In San Diego, job growth should yield a gain of about 29,000 jobs.
The growth will be driven by San Diego’s key economic drivers – the military, technology and tourism – and a revival in the housing market.

The military continues to be the most important economic driver in San Diego’s economy.
Although the region will not totally escape the impact of budget cuts – even under the best case scenario – the most likely outcome for 2013 is for defense dollars coming into the region to hold relatively steady. San Diego’s strengths fit very well with a defense strategy that is 60 percent focused on Asia and the Pacific with an emphasis on cyber security and unmanned aerial systems.

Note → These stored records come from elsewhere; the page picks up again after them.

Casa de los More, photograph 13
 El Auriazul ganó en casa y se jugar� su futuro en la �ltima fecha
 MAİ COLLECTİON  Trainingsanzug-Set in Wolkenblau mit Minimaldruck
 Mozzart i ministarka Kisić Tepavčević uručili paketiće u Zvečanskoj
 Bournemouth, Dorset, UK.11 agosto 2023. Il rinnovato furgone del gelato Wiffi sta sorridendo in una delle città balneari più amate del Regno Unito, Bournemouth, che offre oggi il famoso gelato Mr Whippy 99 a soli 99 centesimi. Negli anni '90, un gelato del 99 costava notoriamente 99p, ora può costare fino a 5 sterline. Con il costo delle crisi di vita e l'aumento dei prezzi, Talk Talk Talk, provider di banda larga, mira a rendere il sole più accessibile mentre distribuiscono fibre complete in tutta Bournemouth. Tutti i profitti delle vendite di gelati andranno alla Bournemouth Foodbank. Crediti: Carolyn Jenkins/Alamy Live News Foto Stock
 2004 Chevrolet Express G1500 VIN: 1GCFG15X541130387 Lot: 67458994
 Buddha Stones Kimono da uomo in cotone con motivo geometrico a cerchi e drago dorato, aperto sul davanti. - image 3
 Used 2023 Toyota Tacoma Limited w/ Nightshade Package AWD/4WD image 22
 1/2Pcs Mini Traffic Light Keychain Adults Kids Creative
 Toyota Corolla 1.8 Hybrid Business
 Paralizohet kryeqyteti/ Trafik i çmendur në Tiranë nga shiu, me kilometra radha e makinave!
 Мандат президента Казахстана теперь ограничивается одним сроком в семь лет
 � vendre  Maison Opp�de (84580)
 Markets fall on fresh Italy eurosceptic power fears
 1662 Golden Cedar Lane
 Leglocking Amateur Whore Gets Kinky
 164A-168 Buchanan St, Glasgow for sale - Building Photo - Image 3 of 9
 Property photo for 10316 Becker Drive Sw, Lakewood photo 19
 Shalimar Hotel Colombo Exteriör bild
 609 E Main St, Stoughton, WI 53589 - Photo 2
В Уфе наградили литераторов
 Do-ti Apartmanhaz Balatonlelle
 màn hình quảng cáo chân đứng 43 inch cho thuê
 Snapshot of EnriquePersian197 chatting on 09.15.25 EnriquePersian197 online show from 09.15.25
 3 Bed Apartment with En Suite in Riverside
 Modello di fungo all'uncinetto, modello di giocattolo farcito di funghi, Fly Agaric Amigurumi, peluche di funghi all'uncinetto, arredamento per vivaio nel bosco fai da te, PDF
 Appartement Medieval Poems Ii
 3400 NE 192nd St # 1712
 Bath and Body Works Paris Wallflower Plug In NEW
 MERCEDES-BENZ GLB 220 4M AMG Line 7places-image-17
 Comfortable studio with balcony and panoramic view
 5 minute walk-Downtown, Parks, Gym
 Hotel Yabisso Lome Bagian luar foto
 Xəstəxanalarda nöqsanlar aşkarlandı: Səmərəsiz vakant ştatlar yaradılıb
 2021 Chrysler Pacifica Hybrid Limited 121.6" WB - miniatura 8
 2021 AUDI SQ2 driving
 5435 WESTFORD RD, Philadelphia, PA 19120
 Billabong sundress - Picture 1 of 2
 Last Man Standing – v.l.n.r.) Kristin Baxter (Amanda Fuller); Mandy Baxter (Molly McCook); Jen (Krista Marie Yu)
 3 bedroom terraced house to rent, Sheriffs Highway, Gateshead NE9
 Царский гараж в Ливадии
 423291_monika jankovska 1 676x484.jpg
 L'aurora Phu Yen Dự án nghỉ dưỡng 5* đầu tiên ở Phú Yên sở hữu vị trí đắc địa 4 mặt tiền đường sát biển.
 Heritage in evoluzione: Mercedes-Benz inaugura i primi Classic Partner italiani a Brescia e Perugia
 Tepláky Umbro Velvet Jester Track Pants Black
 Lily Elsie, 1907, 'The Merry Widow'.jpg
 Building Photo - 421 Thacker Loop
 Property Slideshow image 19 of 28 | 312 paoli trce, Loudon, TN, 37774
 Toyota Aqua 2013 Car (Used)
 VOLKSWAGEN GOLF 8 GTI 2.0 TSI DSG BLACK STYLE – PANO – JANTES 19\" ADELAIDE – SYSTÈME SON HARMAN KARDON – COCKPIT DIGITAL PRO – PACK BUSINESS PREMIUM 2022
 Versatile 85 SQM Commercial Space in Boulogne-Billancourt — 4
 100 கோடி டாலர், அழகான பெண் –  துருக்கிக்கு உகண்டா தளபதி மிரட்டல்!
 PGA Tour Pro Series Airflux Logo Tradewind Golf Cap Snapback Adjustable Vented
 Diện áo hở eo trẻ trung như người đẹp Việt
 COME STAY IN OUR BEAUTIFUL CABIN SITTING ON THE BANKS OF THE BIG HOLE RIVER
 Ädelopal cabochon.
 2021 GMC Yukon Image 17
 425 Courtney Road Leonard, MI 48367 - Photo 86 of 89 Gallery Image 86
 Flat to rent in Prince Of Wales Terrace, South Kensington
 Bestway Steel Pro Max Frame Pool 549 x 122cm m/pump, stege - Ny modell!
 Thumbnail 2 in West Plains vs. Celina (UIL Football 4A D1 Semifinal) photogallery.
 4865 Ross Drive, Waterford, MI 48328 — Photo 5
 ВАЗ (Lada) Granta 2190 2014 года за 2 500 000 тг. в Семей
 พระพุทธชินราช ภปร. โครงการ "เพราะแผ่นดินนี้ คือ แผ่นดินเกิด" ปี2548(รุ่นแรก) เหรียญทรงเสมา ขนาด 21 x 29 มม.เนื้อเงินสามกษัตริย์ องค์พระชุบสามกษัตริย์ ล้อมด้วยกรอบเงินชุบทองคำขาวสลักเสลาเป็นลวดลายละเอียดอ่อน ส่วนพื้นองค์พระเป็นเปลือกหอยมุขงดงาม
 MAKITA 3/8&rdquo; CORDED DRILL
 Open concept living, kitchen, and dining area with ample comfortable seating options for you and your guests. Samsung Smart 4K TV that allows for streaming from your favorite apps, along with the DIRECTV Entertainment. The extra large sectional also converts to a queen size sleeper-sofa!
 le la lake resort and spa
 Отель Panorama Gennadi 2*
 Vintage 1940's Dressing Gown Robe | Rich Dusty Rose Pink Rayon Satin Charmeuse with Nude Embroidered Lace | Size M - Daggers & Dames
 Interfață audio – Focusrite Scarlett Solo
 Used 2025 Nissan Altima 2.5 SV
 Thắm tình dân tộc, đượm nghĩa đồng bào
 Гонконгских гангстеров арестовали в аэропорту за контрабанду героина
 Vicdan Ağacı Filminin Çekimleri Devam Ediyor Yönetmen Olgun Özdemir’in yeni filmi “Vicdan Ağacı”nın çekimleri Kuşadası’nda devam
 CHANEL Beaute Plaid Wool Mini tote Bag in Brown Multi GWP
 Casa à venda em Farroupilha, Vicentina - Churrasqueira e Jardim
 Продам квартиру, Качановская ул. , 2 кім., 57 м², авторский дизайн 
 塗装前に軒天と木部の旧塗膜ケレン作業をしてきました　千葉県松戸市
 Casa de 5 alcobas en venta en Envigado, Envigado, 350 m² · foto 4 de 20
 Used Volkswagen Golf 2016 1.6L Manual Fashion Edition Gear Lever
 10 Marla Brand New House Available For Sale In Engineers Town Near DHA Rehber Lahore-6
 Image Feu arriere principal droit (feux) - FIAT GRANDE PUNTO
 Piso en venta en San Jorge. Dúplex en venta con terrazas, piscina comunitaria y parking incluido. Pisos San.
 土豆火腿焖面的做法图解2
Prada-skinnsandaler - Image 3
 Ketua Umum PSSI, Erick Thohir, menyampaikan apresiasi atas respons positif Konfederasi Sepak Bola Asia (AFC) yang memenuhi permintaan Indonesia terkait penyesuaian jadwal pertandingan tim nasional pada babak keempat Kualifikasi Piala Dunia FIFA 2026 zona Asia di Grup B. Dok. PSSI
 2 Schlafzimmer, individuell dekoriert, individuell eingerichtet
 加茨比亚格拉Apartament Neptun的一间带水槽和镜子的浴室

California State Controller John Chiang joined Reaser at the event. Chiang spoke about the challenges he has faced since coming into office in early 2007, including dealing with a cash deficit within seven months of taking over as State Controller. His focus is on determining a competitive tax structure to create a high standard of living while keeping California competitive as a location for business.

November 30, 2012

There was little suspense about the topics when U.S. Senator Dianne Feinstein spoke to a group of business and community leaders recently. Both the Senator and her audience are well aware of the pressing federal issues facing California and the rest of the country. Feinstein came prepared with exhibits to illustrate the changes in spending and revenues between 2001 and 2012 and projected federal outlays for 2012. From 2001 to 2012, defense and war spending increased 64 percent, while tax revenues declined 13 percent. Mandated federal outlays in 2012 (entitlements and interest on the national debt) account for 64 percent of federal expenditures.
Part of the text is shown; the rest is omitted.